The Australian | 21 August 2013
The outgoing head of the National Centre for Vocational Education and Research (NCVER), Dr Tom Karmel, has lamented the slow progress on implementing a ‘seamless’ tertiary education sector, as proposed by the Bradley Review.
Karmel says the promised integration between higher education and vocational education is “more distant now than ever”, while overstated differences between the sectors are producing dysfunctional outcomes.
If you’re a dual-sector institution, for example, you’ve got completely different rules for everything – how you do your buildings, how capital is treated. That can’t be an efficient way of doing things.
Greater integration has been hindered in part by another key proposal from the Bradley higher education review.
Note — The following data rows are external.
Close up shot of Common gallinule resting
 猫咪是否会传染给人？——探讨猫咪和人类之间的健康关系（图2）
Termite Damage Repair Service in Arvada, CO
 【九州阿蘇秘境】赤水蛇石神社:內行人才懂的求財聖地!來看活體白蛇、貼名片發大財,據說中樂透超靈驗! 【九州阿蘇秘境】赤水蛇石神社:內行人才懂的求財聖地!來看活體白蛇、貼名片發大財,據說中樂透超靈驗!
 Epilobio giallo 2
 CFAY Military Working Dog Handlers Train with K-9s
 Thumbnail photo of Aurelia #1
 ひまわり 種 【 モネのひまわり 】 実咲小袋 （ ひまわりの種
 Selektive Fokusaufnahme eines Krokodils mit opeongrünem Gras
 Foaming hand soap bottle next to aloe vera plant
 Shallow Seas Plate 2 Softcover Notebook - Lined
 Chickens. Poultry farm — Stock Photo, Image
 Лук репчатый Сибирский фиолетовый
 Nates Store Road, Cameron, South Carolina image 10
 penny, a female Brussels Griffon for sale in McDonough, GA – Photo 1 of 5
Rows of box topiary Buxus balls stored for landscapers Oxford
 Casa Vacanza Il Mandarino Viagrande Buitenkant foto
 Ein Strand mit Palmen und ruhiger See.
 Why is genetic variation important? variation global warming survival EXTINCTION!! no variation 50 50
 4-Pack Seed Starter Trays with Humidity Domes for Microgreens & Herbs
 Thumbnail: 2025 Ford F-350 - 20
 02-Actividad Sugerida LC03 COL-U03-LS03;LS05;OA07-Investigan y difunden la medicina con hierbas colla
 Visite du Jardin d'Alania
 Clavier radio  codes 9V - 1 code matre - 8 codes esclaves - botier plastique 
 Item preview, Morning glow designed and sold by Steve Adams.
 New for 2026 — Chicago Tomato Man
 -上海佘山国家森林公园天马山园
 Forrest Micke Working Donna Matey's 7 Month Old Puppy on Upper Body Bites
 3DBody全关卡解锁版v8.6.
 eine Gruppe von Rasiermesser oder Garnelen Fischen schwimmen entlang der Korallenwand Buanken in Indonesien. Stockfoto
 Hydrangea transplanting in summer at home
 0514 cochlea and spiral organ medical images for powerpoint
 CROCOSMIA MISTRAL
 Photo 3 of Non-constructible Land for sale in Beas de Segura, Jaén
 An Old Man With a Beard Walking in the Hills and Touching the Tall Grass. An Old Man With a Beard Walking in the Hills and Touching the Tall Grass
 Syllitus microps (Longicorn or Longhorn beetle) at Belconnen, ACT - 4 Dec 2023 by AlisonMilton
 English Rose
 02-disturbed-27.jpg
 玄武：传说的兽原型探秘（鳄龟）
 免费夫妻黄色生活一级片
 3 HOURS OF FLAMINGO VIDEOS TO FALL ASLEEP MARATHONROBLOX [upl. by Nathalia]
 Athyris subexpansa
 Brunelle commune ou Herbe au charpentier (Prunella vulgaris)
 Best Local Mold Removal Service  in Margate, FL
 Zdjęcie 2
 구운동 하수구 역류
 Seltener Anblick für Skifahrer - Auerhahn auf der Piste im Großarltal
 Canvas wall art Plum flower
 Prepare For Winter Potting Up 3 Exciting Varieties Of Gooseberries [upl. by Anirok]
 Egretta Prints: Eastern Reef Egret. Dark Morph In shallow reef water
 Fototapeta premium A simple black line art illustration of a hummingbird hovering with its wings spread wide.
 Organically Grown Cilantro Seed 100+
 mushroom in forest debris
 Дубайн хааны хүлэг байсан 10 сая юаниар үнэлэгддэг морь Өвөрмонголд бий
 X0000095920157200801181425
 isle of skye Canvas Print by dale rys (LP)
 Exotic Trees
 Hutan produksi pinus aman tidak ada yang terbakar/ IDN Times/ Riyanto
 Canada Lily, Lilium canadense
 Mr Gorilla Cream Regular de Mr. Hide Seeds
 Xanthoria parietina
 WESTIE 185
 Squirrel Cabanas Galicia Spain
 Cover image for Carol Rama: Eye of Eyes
One of the major things Gillard did was uncap undergraduate places. If the caps had been removed such that TAFEs, for example, could also start offering degrees under those arrangements, that would have made a big difference. You have this tension between making universities more demand-driven, but at the same time constraining who provides the places. That took the steam out of it.
Other commentators agree that progress with the integration agenda is not only a long way off but suggest that higher education would become an even more dominant partner if there were to be “forced marriage” with vocational education.
Higher education red tape reviewer Kwong Lee Dow said a single tertiary sector could not be contemplated “with any genuine reality” for the next three to five years.
I don’t think we’re ready for it. The danger would be that (VET) would increasingly succumb to the higher education culture. It would diminish the importance of a lot of certificate programs and links with industry.
Destination data from Victoria’s annual On Track Survey reveals the increasing dominance of higher education. More than 53% of surveyed students who left school last year said they planned to go to university, up from 41%10 years ago. The proportion planning to enter training courses, apprenticeships or traineeships had plunged from 32% to 23% across the same period.
Australian Catholic University vice-chancellor Greg Craven said the autonomous nature of universities makes an integrated tertiary sector improbable.
I can’t see it ever happening. Universities are part of civic society, (with) autonomy over who they bring in as students, who they hire as staff, what they teach and what they research. That just doesn’t apply to TAFEs or private colleges. A single regulator would break on the difficulties of homogenising a single regulatory regime.